Андрей Ветер. Голос бездны
Ой вези ж мене iз дому,
Де багацько грому, грому…
Выстрелы
– Чего там… – начал было говорить человек, лежавший шагах в десяти от Потанина.
– Цыц! – едва слышно отозвался Потанин.
Потанин был мужик пятидесяти лет, плечистый, седовласый не по годам, с хитринкой в глазах, любитель посмеяться и потравить анекдоты в кругу семьи. Но сейчас, когда он лежал в засаде, в нём не осталось и намёка на человека, который умеет веселиться. Он сделался похож на дикого лесного зверя, блестящие глаза сощурились, нос заострился и будто вытянулся вперёд, вбирая в себя все запахи пробуждавшейся тайги, губы изредка подёргивались, словно Потанин хотел оскалиться по-звериному но всякий раз осаживал себя. На его небритом лице сидели комары, но человек не обращал на них внимания, словно их вовсе не существовало. Его глаза остро всматривались в тропинку, убегавшую круто вниз.
Месяцев пять Потанин старался взять братьев Коршуновых, промышлявших браконьерством. Забитым ими оленям и лосям не было числа. Коршуновы славились своим неуёмным нравом, наглостью, жестокостью и хитростью. Ходили слухи, что на их счету были не только звери, но и несколько человеческих жизней, так как в пылу пьяных ссор они многим угрожали расправой. «Вот, мать твою, попадись ты нам на тропе, ужо по-другому поговорим!» Три человека, которым угрожали Коршуновы, исчезли вскоре после ссоры, но никаких доказательств, что они убиты, не было. Тайга огромна, в ней многие теряются легко.
И вот Потанин вычислил Коршуновых. Егерь он был опытный, места знал хорошо. А тут милиция схватила беглого уголовника по кличке «Медуха», который поддерживал с Коршуновыми тесные отношения, и Медуха вскоре рассказал, где следовало искать знаменитых браконьеров.

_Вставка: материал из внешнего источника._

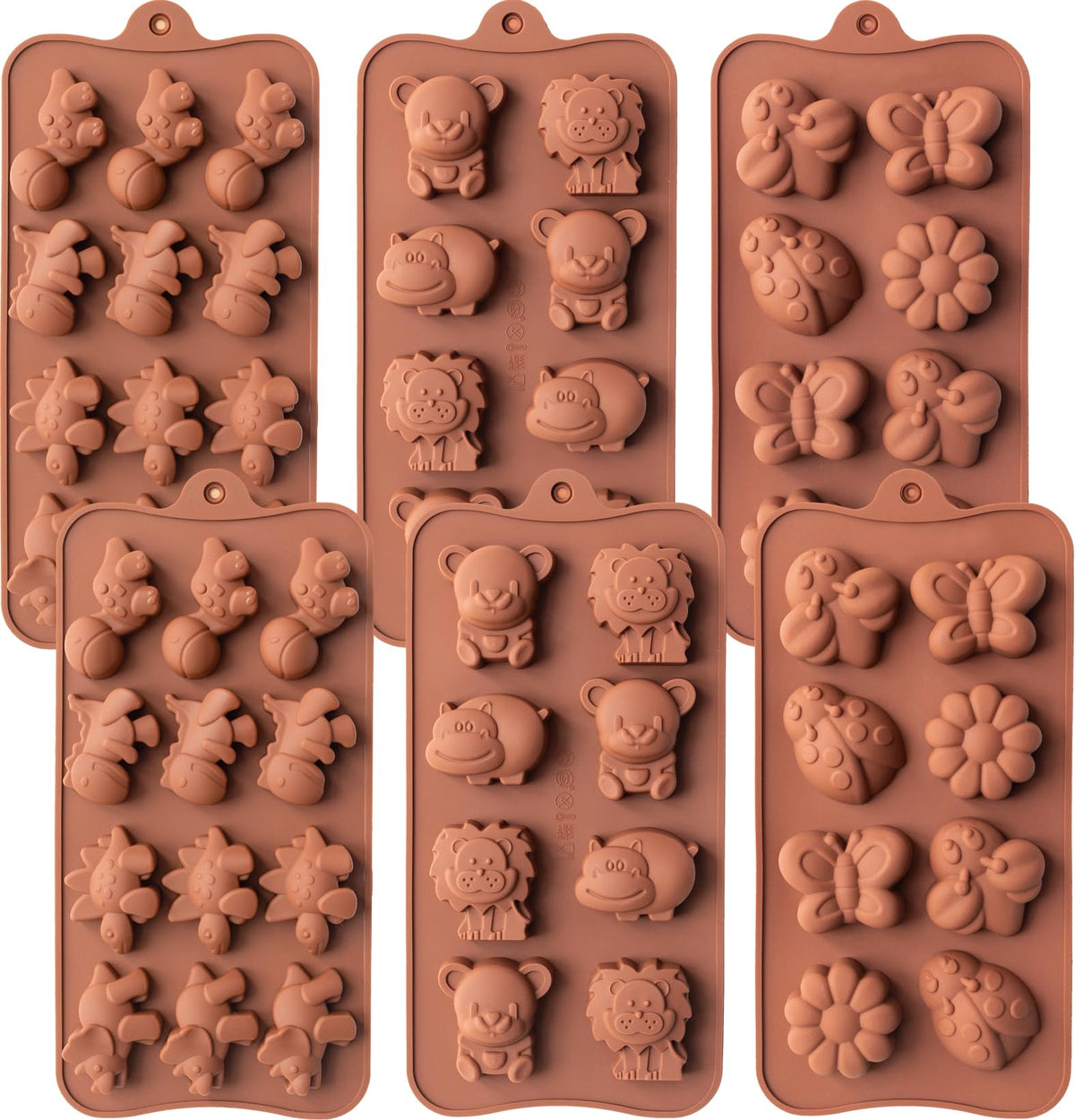 Warm Time dinosaur molds 2-piece set for easy chocolate shaping and candy making.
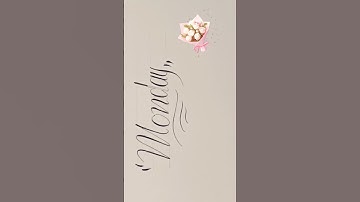 How to write Monday with G nib  ✍️✒️#shortvideo #shortsfeed #trending #fyp #calligraphy #reels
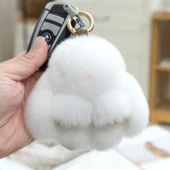 Mini Sevimli Peluş Tavşan Bebek Anahtarlık - Nane Yeşili - 4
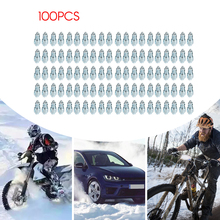 New Model Snow Screw Tire Studs Anti Skid Falling Spikes Wheel Tyres 100PCs for Car Motorcycle Tire Spikes Tires Studs 2024 - buy cheap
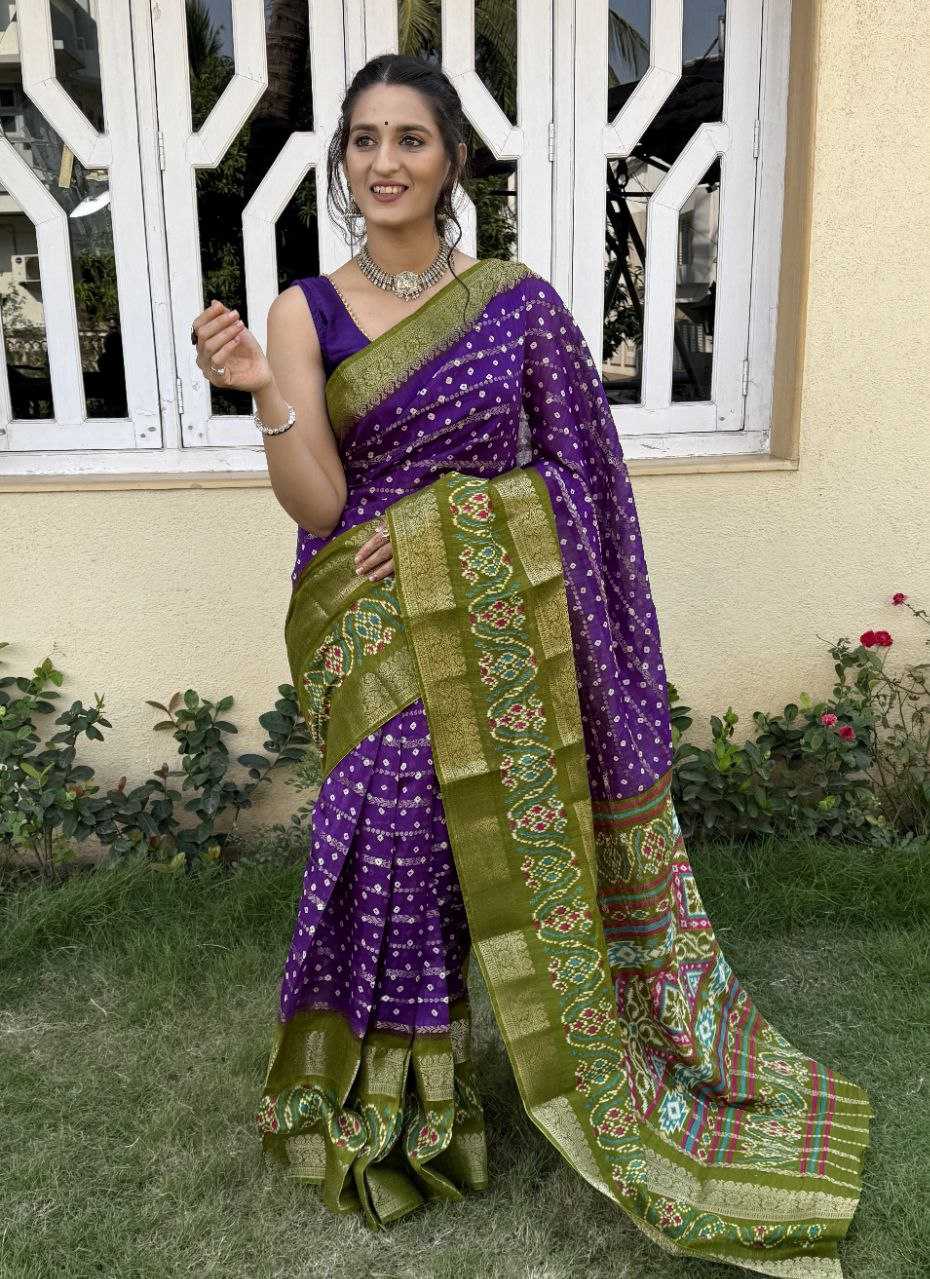 YNF COTTON SILK KESH117 RWC82 SAREES WHOLESALE COTTON BANDHANI JACQUARD SILK SAREES MANUFACTURER- Kapda Export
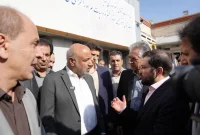 بازدید مشترک وزیر کار و استاندار از مراحل پایانی اورژانس بزرگ کرمانشاه بازدید مشترک وزیر کار و استاندار از مراحل پایانی اورژانس بزرگ کرمانشاه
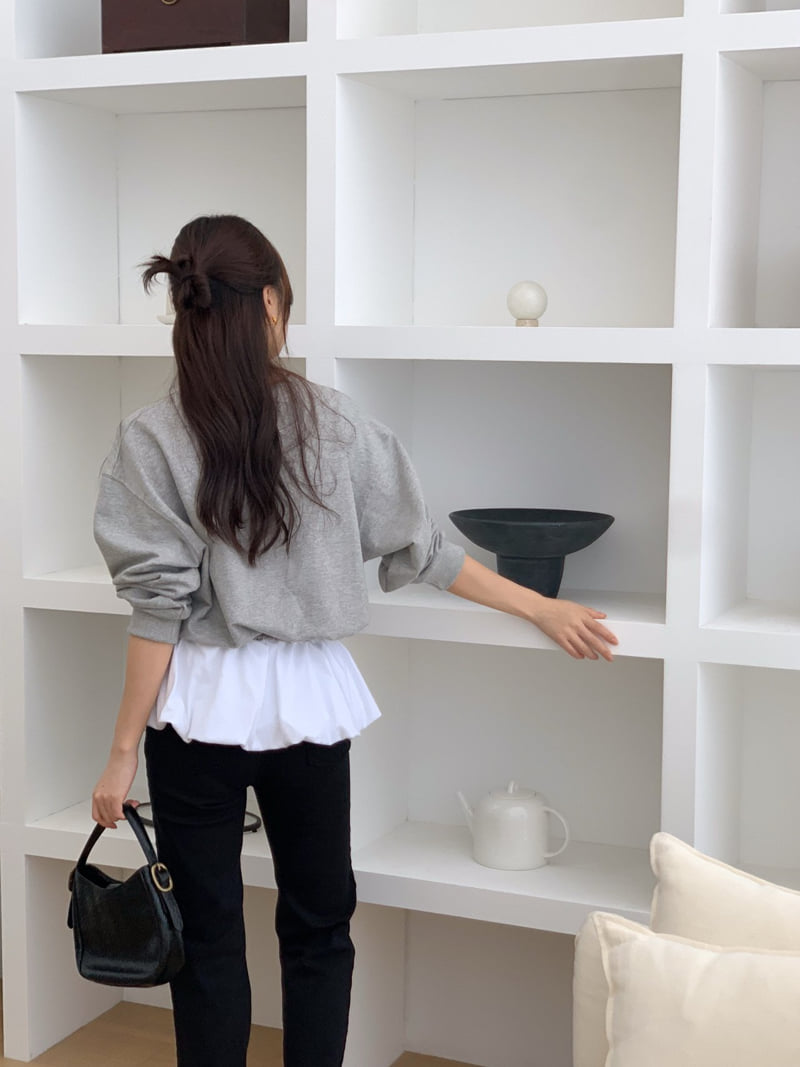 Osense - Korean Women Fashion - #thelittlethings - Balloon Raglan Sweatshirts - 3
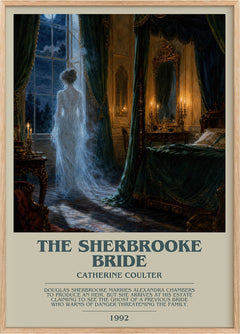 The Sherbrooke Bride Bookish Wall Art by Catherine Coulter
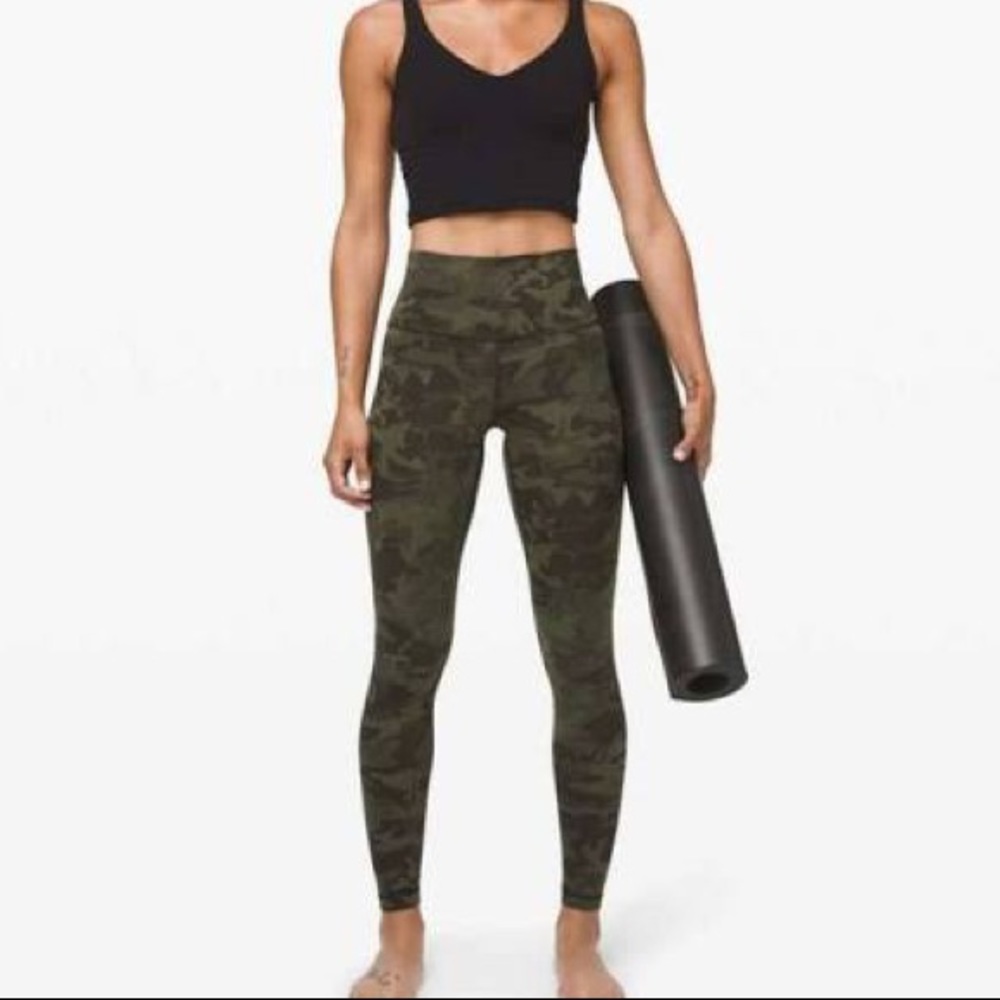 Lululemon Wunder Under HR Tight 25” - Green Camo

Теперь Потанин и два милиционера лежали в засаде.
Коршуновы появились внезапно, словно из-под земли. Когда до них оставалось не более десяти шагов, Иван Потанин резко встал и крикнул:
– Павел! Бросай ружьё!
– Ванька! – вырвался у ближайшего из братьев Коршуновых возглас удивления. – Ах язва!
Коршунов увидел направленную на него винтовку и дёрнулся в сторону с тропы, на ходу срывая с плеча двустволку. Он выстрелил почти не глядя, но за белёсым облаком дыма, заполонившего пространство, увидел, что Потанин качнулся и отступил.
– Стой, сука! – закричал чей-то голос из чащи.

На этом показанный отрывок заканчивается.